The Department of Environment, Forestry and Fisheries (DEFF) will this year assist municipalities to implement their climate change response strategies, while the South African Weather Service will ramp up efforts to educate local communities so they can better understand climate change and respond appropriately.
Through the department’s environmental programmes, R1.9 billion is to be spent in 2020 to restore wetlands, estuaries and coastal dunes to better protect built infrastructure and human settlements from storms, floods and sea level rise.
South Africa will continue to lobby developed countries to provide for an adequate, reliable and predictable source of international funding for both mitigation and adaptation.
“We must all be clear that climate change and its associated consequences can only be addressed by the world’s nations working together,” Creecy said.

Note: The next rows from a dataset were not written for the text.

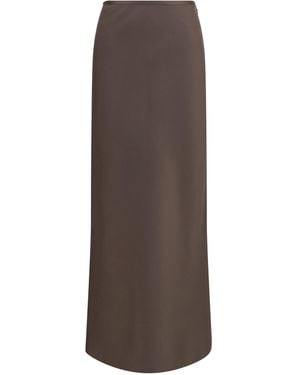 Loulou de Saison Silk Twill A-Line Maxi Skirt - Brown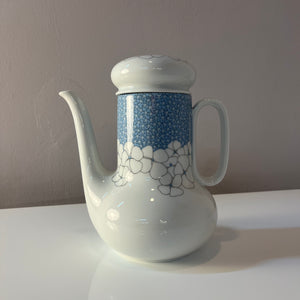 Kaffeekanne Kiruna Garden weiß blau von Tapio Wirkkala für Thomas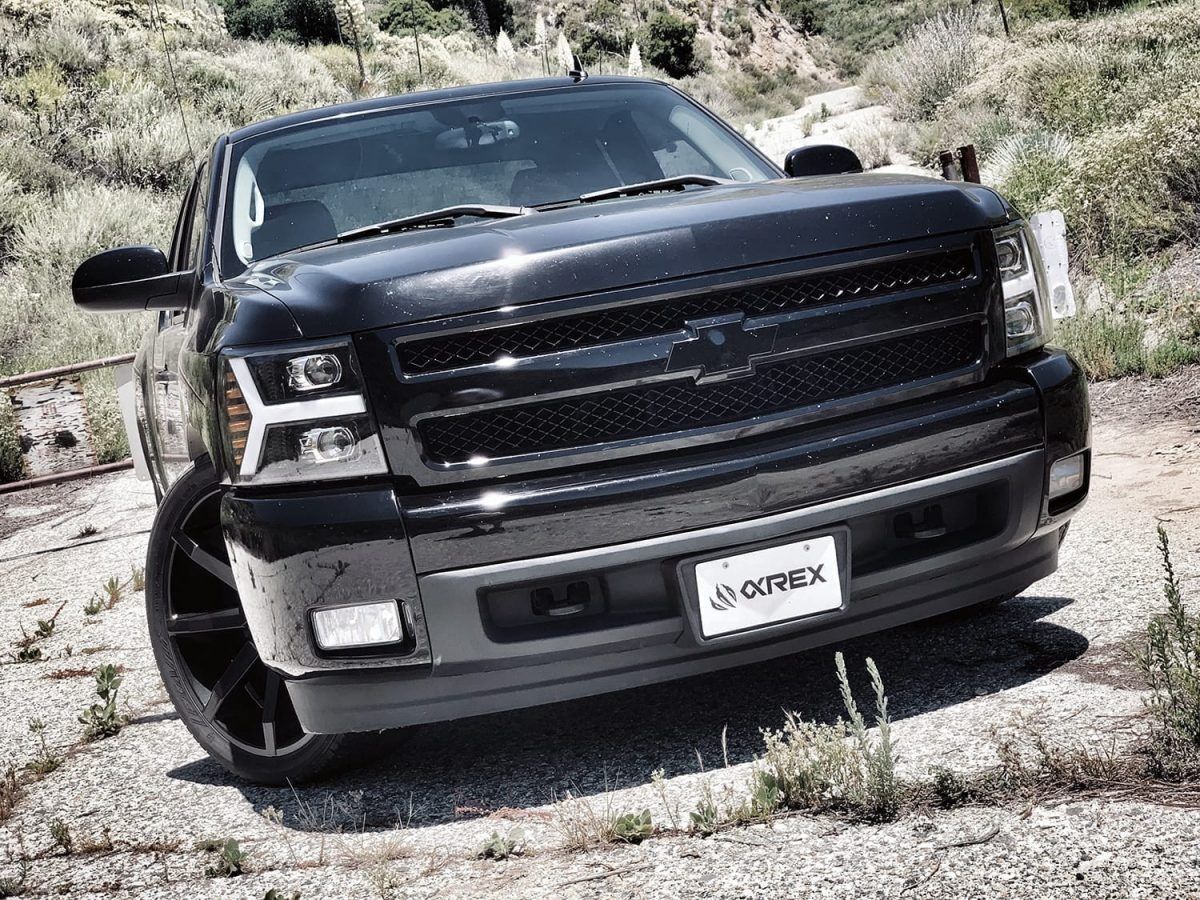 07-13 Chevrolet Silverado LUXX-Series LED Projector Headlights Jet Black by AlphaRex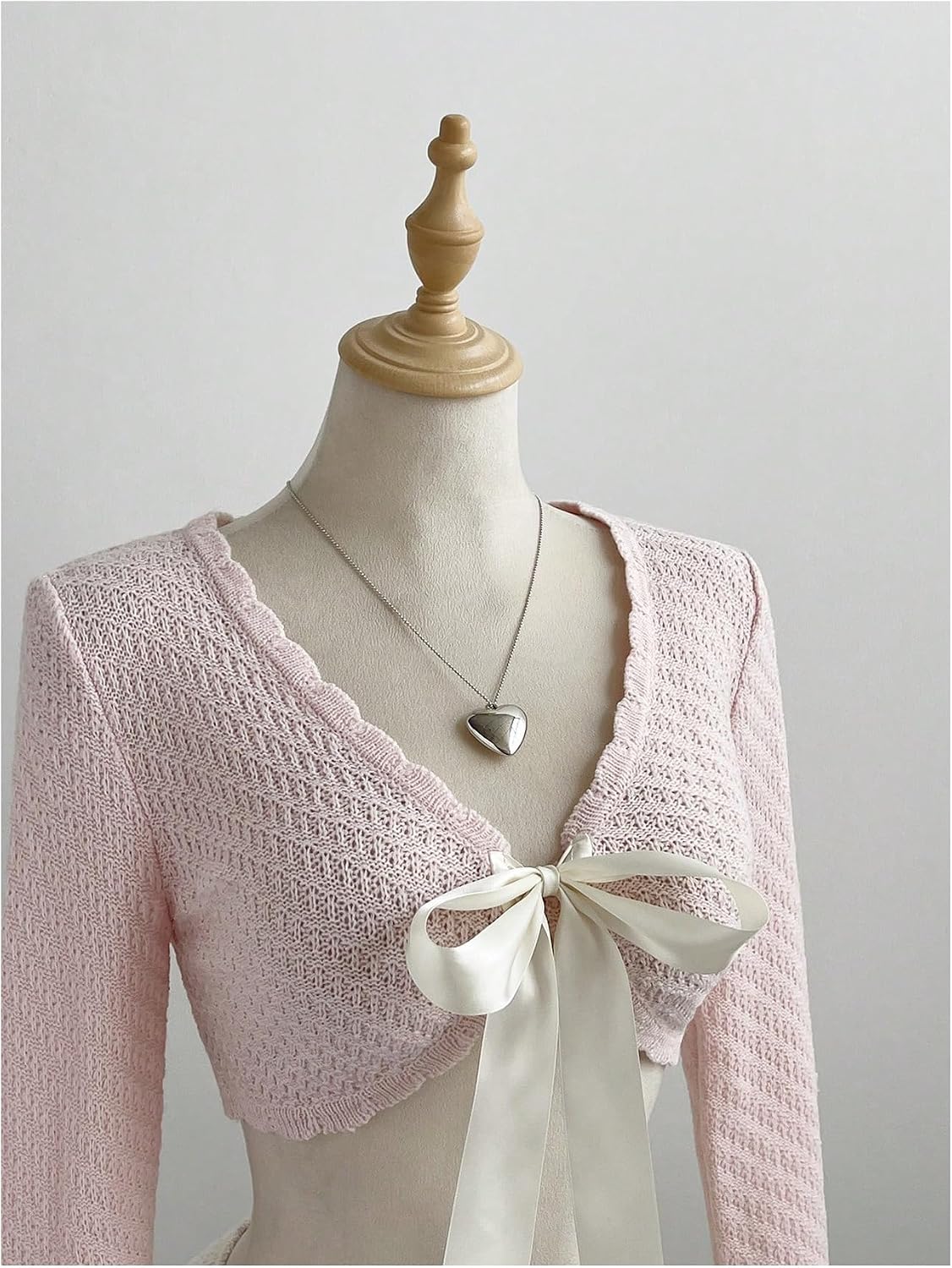 SHENHE Women's Tie Front Bow Bolero Shrug V Neck Lightweight Knit Cropped Cardigan Shrug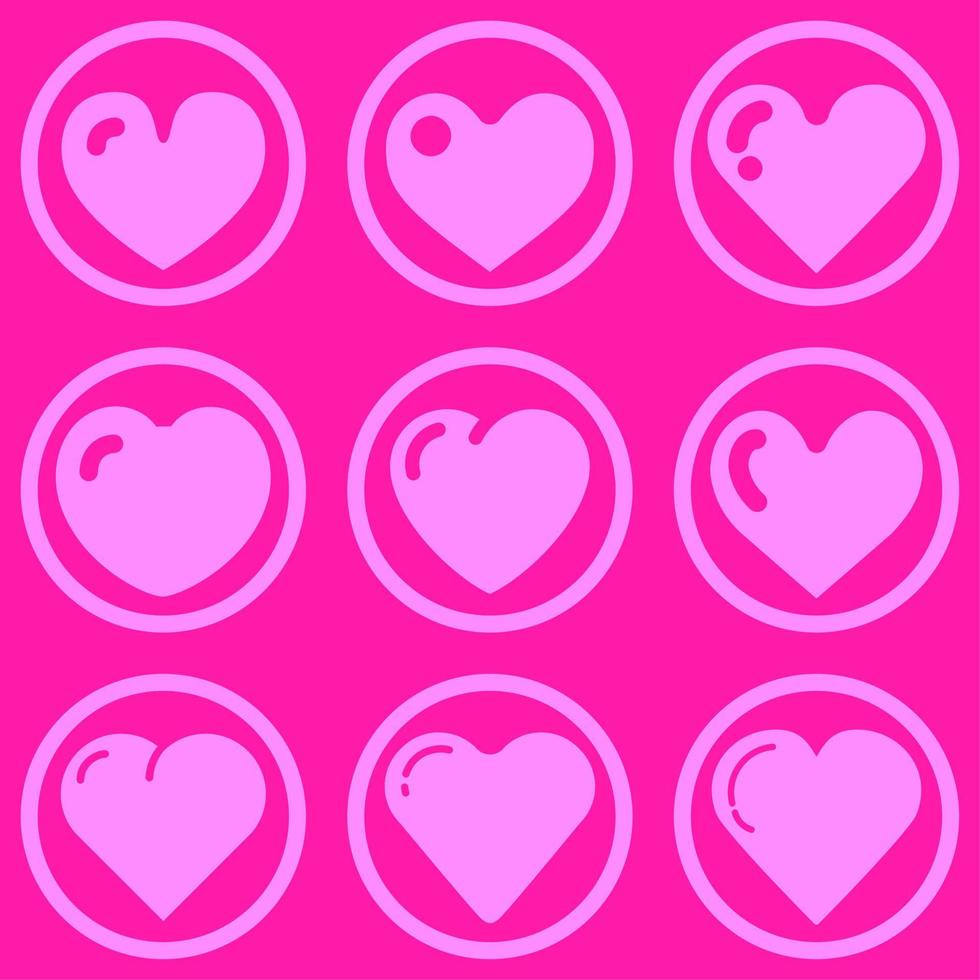 conjunto de icono de vector de corazón. Ilustración de vector de corazón de día de San Valentín. diseño de elemento de corazón rosa degradado brillante. colección de recursos gráficos de corazones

She expressed concern about the withdrawal of the United States – one of the world’s biggest emitters – from the Paris Accord.
“It is essential that the nations of the world stand together in support of the Paris Agreement. We have a common moral responsibility to future generations to honour our mutual commitments and our differentiated responsibilities to fight the causes and consequences of climate change,” she said.
Creecy welcomed the commitments made by President Cyril Ramaphosa’s during the SONA, to make a decisive shift in the country’s energy trajectory at a time when humankind faces the greatest threat to its sustainable future.
The President also promised that the Presidential Climate Change Commission will lead South Africa’s just transition to a low carbon, climate resilient and sustainable society, which will leave no one behind.
“To address these issues, the Climate Change Bill, which provides for effective management approaches to the impact of climate change will be tabled in the National Assembly this year, while the National Adaptation Strategy is to be finalised.
“This strategy will galvanise investment in preparedness, early warning capabilities and risk mitigation measures for society,” DEFF said.